TrackBack URL for this Entry:   https://golem.ph.utexas.edu/cgi-bin/MT-3.0/dxy-tb.fcgi/2877

14 Comments & 0 Trackbacks

Re: Polygonal Decompositions of Surfaces

Well, in CW complexes, one doesn’t ask the attaching maps to be at all nice in any way, so long as they are continuous. Asking instead that they be cofibrations will mean the 2-cells internally look like polygons, but will also rule out glueing two sides of one such cell, AND ugons (in case that matters)… it also rules out monogons by accident, because it rules out their boundaries; but digons would be available.

Just to clarify your question for people knowing better than me: are you asking primarily to follow what people mean when they don’t spell out their sense of polygonal decomposition, or so you know what to call them for other folk to read?

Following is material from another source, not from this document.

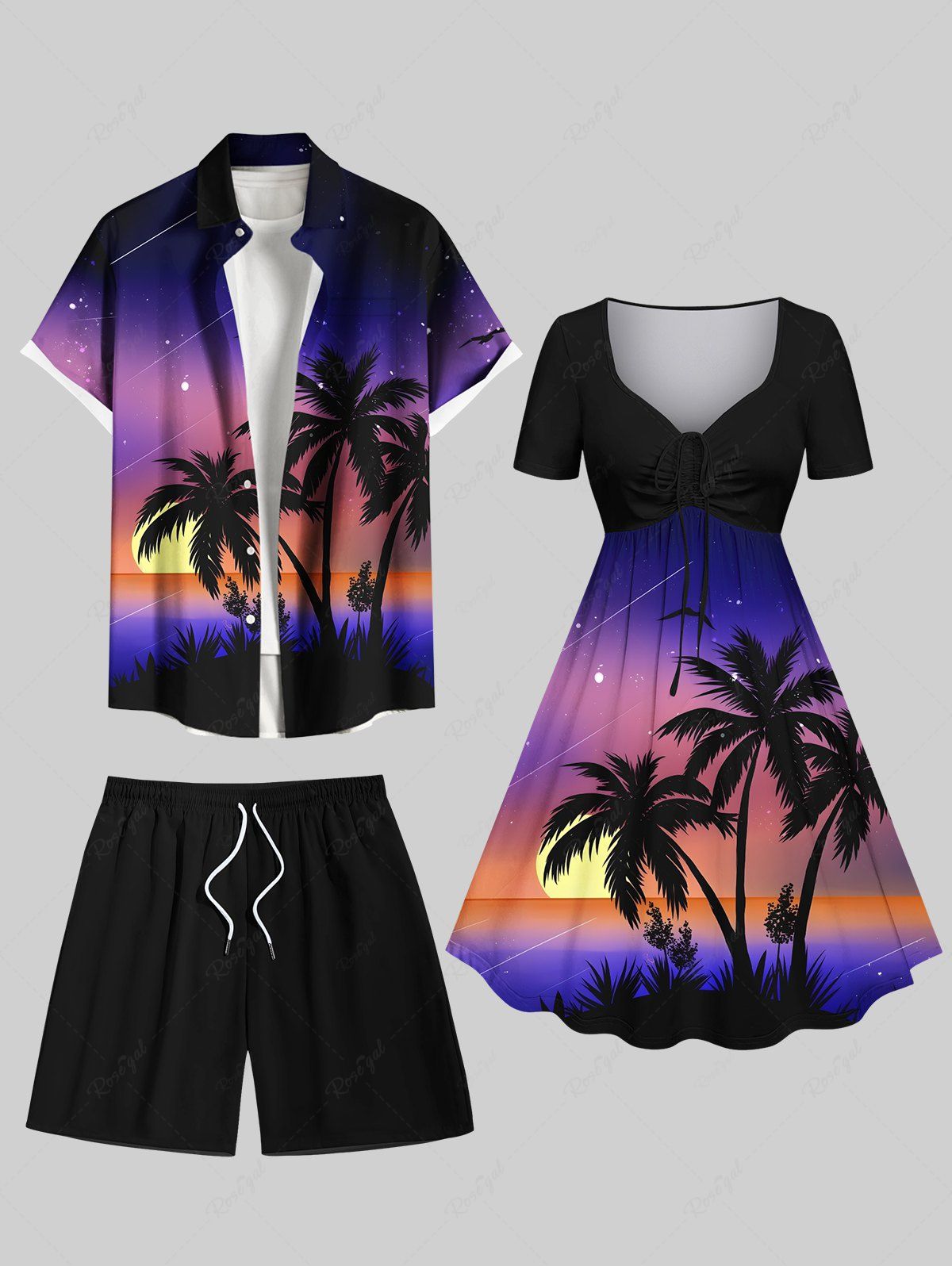 Tenue de plage hawaïenne assortie grande taille à imprimé ombré cocotier, soleil et galaxie, pour couples Pourpre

Posted by: Jesse C. McKeown on April 23, 2016 8:12 PM | Permalink | Reply to this

Re: Polygonal Decompositions of Surfaces

Jesse wrote:

Just to clarify your question for people knowing better than me: are you asking primarily to follow what people mean when they don’t spell out their sense of polygonal decomposition, or so you know what to call them for other folk to read?

I want to know 1) what to call them in a paper I’m writing, and 2) a reference to point to, that works out the theory so I don’t have to.

There seems to be a well-established literature on ‘triangulated surfaces’, so that you can say this phrase and expect people to understand. But the literature on ‘decompositions of surfaces into polygons’ seems diffuse and murky: I feel I haven’t found the locus classicus.

I really enjoyed Hog-Angeloni, Metzler, and Sieradski’s Two-Dimensional Homotopy and Combinatorial Group Theory back when I was studying ‘spin foams’. They had a lot of nice terminology for quite general spaces made of polygons, not necessarily manifolds. That’s what I needed then.

But forcing my readers through this stuff now, when I just want to talk about a compact surface chopped into polygons, seems a bit sadistic.

Hmm, this looks promising:

Posted by: John Baez on April 23, 2016 9:03 PM | Permalink | Reply to this

Re: Polygonal Decompositions of Surfaces

You can specify such things by simply discussing a properly embedded finite graph (i.e. 1-dimensional finite CW-complex), say with smooth edges, in the surface such that each face (complementary connected component) is homeomorphic to an open disc.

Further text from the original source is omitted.